I am trying to run a SQL query to find a 50th percentile in a table within a certain group, but then i am also grouping the result over the same field. Here is my query, for example over the tpch's nation table:
SELECT
regionkey,
PERCENTILE_CONT(0.5) WITHIN GROUP(ORDER BY regionkey)
FROM "tpch/nation"
GROUP BY regionkey
ORDER BY regionkey
Is this a valid query? I am trying to QA my code by running all kinds of different percentile queries. Postgres returns this result for the above query,:
regionkey | percentile_cont
-------------+-----------------
0 | 0
1 | 1
2 | 2
3 | 3
4 | 4
(5 rows)
But my question is in the real world, would someone would try to run such type of queries? I am new to aggregate functions, specially the percentile functions.
You would use percentile_cont()
to get a percentage of some ordered value.
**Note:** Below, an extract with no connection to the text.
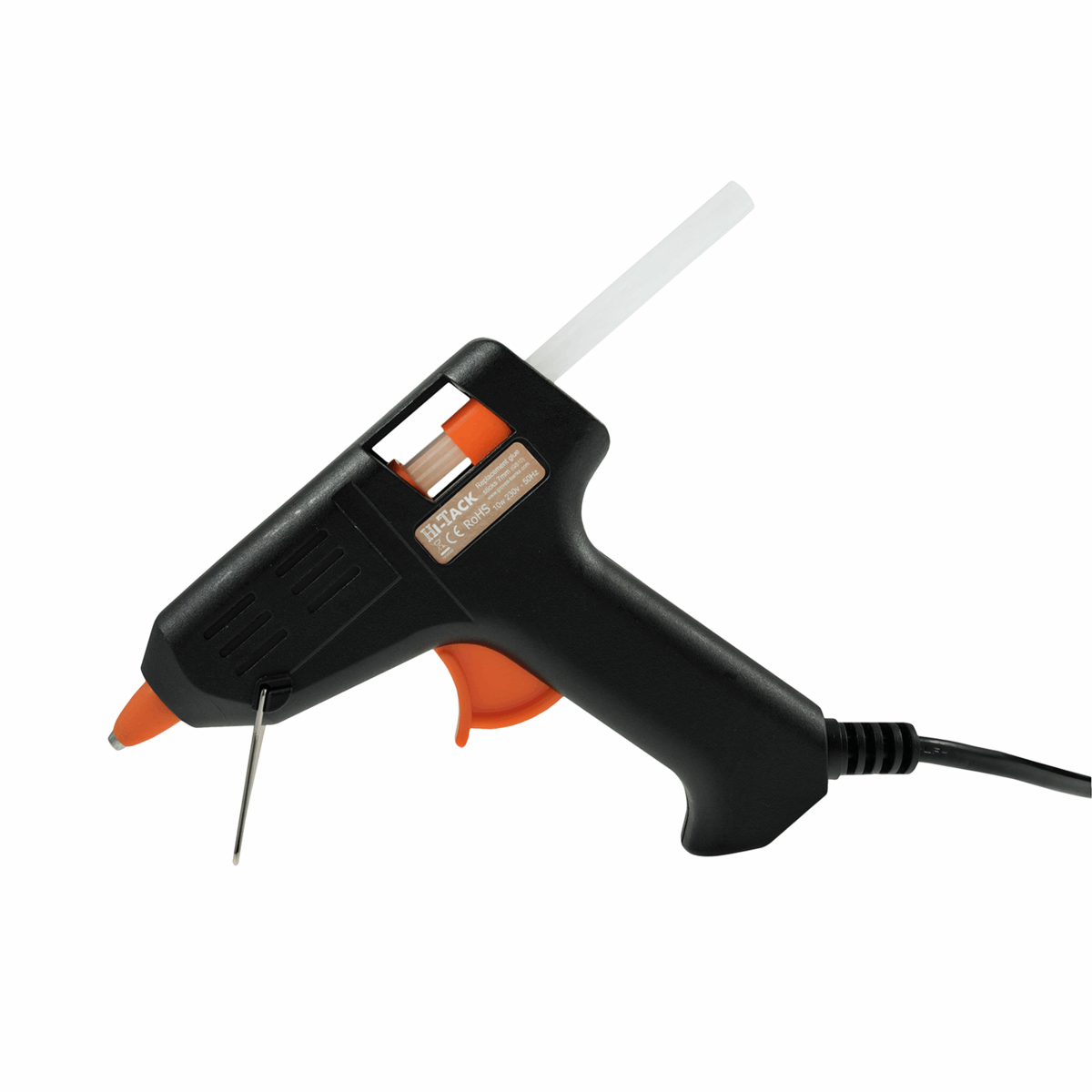 Hi-Tack Glue Gun: Mini: 10w - MG100 by Trimits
For instance, if you had a population
column for the region, then you would calculate the median population as:
SELECT regionkey,
PERCENTILE_CONT(0.5) WITHIN GROUP (ORDER BY population)
FROM "tpch/nation"
GROUP BY regionkey
ORDER BY regionkey;
Using regionkey
in the ORDER BY
is non-sensical. Within each group, regionkey
has only one value. Hence, the PERCENTILE_CONT()
can only return that value.
However, it can be quite useful with almost any other column.